Просвещенный столь многими учителями и вкусивший от столь многих и столь разнообразных источников знаний во всем мире, муж огромного дарования, превышавшего, несомненно, все человеческие возможности, основатель философии, который впервые нарек ее этим именем, Пифагор прежде всего учил своих учеников молчанию. Первое упражнение будущего мудреца состояло у Пифагора в том, чтобы до конца смирить свой язык, и слова, те самые слова, что поэты называют летучими, заключить, ощипав перья, за белой стеною зубов [70]. Иначе говоря, вот к чему сводились начатки мудрости: научиться размышлять, разучиться болтать. Однако не на всю жизнь лишались ученики дара слова и не все одинаково долго следовали за учителем в безмолвии. Молчание, ограниченное коротким промежутком времени, считалось достаточным для людей серьезных, но болтунов карали своего рода изгнанием речи сроком почти на пять лет. Что же касается нашего Платона, то он во всем или почти во всем согласен с этой школой и чаще всего рассуждает подобно пифагорейцам. Вот так же и сам я, объятый желанием, чтобы учителя ввели меня в семью платоников, научился, выполняя академические упражнения, и тому и другому: и говорить неустанно, когда нужно говорить, и молчать охотно, когда нужно молчать. И, кажется, это чувство меры доставило мне со стороны всех твоих предшественников столько же похвал за своевременное безмолвие, сколько одобрений за уместные речи [71].

XVI.

Прежде чем начать благодарить вас, величайшие мужи Африки, за честь, которую вы мне оказали, предложив в моем присутствии воздвигнуть мою статую, и за вашу благосклонность, выразившуюся в решении по этому вопросу, принятом в мое отсутствие, я хочу объяснить вам, почему уже много дней я не показываюсь на глаза моим слушателям и почему ездил я на Персидские Воды [72] – очаровательнейшее место: для здоровых – купания и развлечения, для больных – от недугов исцеления [73]. Ведь я взял себе за правило отчитываться перед вами в каждой минуте своей жизни, которая неизменно и навсегда посвящена вам; да не совершу я ничего, ни великого, ни малого, без того чтобы не известить вас об этом и не сделать судьями моего поступка. Итак, почему же я неожиданно исчез от взоров вашего блистательного собрания? Я приведу вам пример, который очень напоминает мои собственные злоключения, пример того, как неожиданные опасности вдруг встают на пути у людей; я имею в виду историю комического поэта Филемона [74]. Талант его вам хорошо известен, выслушайте же в нескольких словах рассказ о его смерти. Или, может быть, вы не отказались бы и от нескольких слов о таланте?

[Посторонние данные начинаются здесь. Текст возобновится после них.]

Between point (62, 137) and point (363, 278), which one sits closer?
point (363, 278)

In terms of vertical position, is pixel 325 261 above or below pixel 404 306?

Этот Филемон был поэтом, одним из авторов средней комедии, он писал пьесы для сцены во времена Менандра и состязался с ним – соперник силами, может быть, и не равный, но все же соперник. Больше того, стыдно признаться: многократно он одерживал над Менандром победы. Впрочем, ты найдешь у него много остроумия, изящное построение сюжета, ясные и понятные для зрителя узнания [75], соответствующие обстоятельствам характеры, мысли, служащие отражением жизни, шутки, не опускающиеся ниже уровня комедии, серьезный тон, не поднимающийся до трагических котурнов. Нет у него порока в любовных связях, редки совращения, неопасны заблуждения. Но, тем не менее, тут и сводник лживый, и любовник пылкий, и раб хитрый, и подруга расточительная, и супруга властная, и мать снисходительная, и дядюшка сварливый, и друг заботливый, и солдат драчливый, да к тому же и параситы [76] прожорливые, и родители прижимистые и гетеры назойливые.

Однажды, когда все эти достоинства уже давно сделали его знаменитым среди комических поэтов, он читал публично отрывок из своего нового произведения и дошел уже до третьего акта, который, как это обычно бывает в комедии, вызвал особенное восхищение слушателей, как вдруг неожиданно начался ливень (совсем как у нас с вами в тот раз) и заставил собравшихся разойтись, а чтение прервать. Но так как самые различные люди выражали желание поскорее услышать остальное, Филемон обещал завтра же дочитать все до конца.

И вот на следующий день собирается огромная толпа, полная самого горячего нетерпения; все располагаются перед орхестрой [77], каждый старается пробраться поближе, опоздавшие знаками просят друзей занять для них местечко поудобнее; сидящие по краям жалуются, что их вот-вот столкнут со скамей; театр набит битком, толкотня невероятная, начинаются взаимные жалобы; те, кто в прошлый раз не были, стараются разузнать, о чем шла речь, а те, кто были, припоминают услышанное; и вот каждый уже знает содержание начала и ждет продолжения.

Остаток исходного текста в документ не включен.